You can add to your config:

# Assign processes to (custom) services manually.
# A match in CUSTOM_PROCESS_MAP takes precedence over any automatically found
# service.
# Format of each entry is [<unknown proc as in restart-services -l>]=<service name>
# Defined services will then be processed as any automatically found service.
# proc will be matched using regular bash pattern mathing.
# To use a extended regular expression (as in regex(3)) for a proc prepend it with 'E@'
# Examples:
#   [/usr/local/bin/myproc*]=myproc
#   [E@/usr/(local)?/bin/myproc[0-9]*]=myproc
#CUSTOM_PROCESS_MAP='( )'

Feedback welcome ;-)
Comment 21 Klemen Mihevc 2020-05-04 20:38:43 UTC
Created attachment 636092 [details]
rc1 log

rc1 log of full restart after glibc recompile... seems to work fine, just add /sbin/init on some ignore list :)

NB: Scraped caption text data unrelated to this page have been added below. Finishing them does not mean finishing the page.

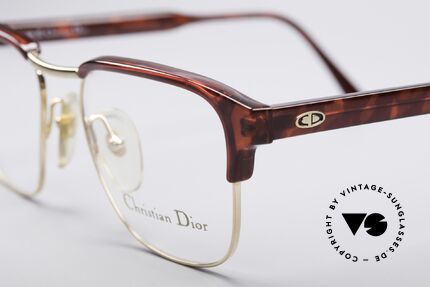 Christian Dior 2570 90er Designer Brille, Top-Qualität und mal eine etwas andere Farbe, Passend für Herren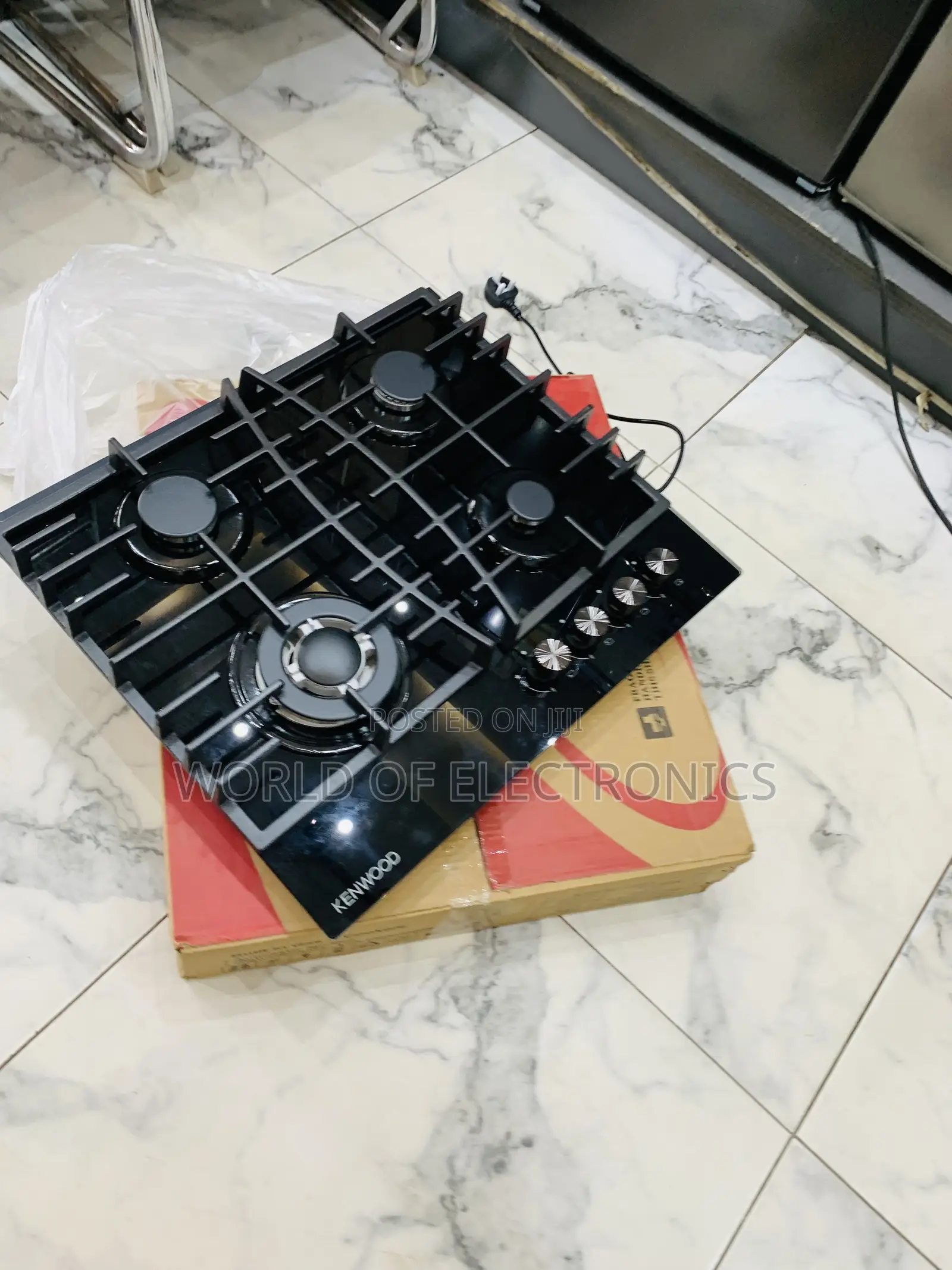 High Quality KHG 603 SS Gas Hob 60 Cm Stainless Steel - Kenwood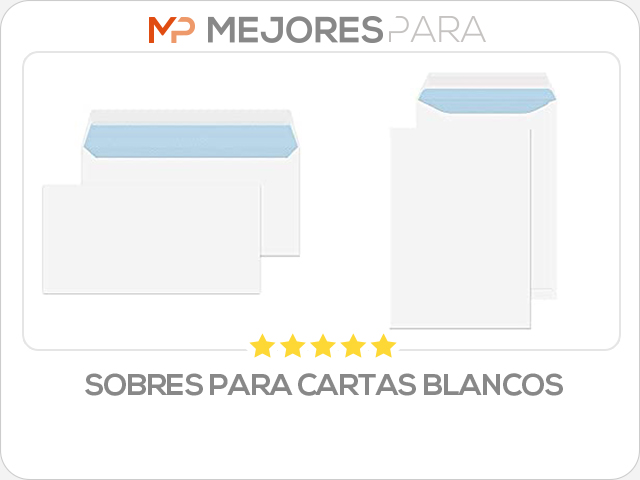 sobres para cartas blancos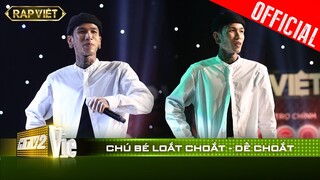 Cháy gắt: Dế Choắt ẵm 4 chọn & 2 Nón Vàng nhờ mang thơ Tố Hữu vào rap cực đỉnh|RAP VIỆT [Live Stage]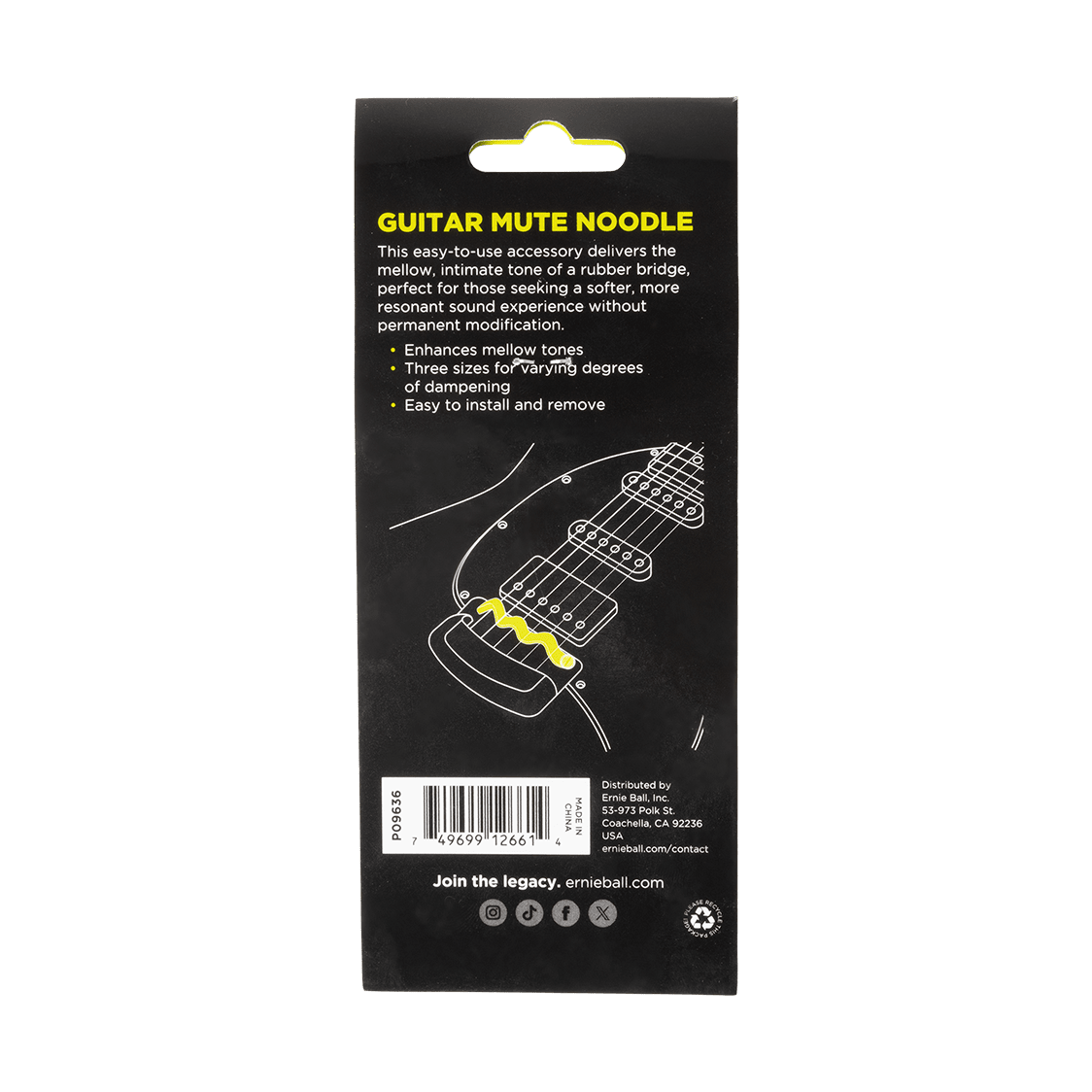 Ernie Ball Mute Noodle, Guitar String Mute 2
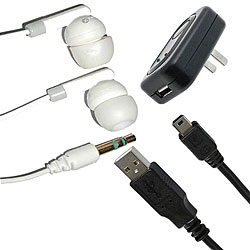 Fuji Labs Bundled MP3 USB Cable/ Earphone/ Charger Accessory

and about CUSTOM_PROCESS_MAP i guess if you have multiple, you seperate them with | like for other options?
Comment 22 Marc Schiffbauer gentoo-dev 2020-05-05 05:44:59 UTC
(In reply to Klemen Mihevc from comment #21)
> Created attachment 636092 [details]
> rc1 log
> 
> rc1 log of full restart after glibc recompile... seems to work fine, just
> add /sbin/init on some ignore list :)

Thanks again! I will include something for init as well and then release and upload version 0.15.0 which will then close this bug.

> 
> and about CUSTOM_PROCESS_MAP i guess if you have multiple, you seperate them
> with | like for other options?

No just with a space. You can also use one line per entry.

CUSTOM_PROCESS_MAP=(
...
...
...
)

-Marc
Comment 23 Marc Schiffbauer gentoo-dev 2020-05-05 06:27:28 UTC
Version 0.15.0 now released and uploaded

Thansk again for reporting!
Comment 24 Tomáš Mózes 2020-05-11 17:59:01 UTC
Thanks, version 0.15.0 looks much better!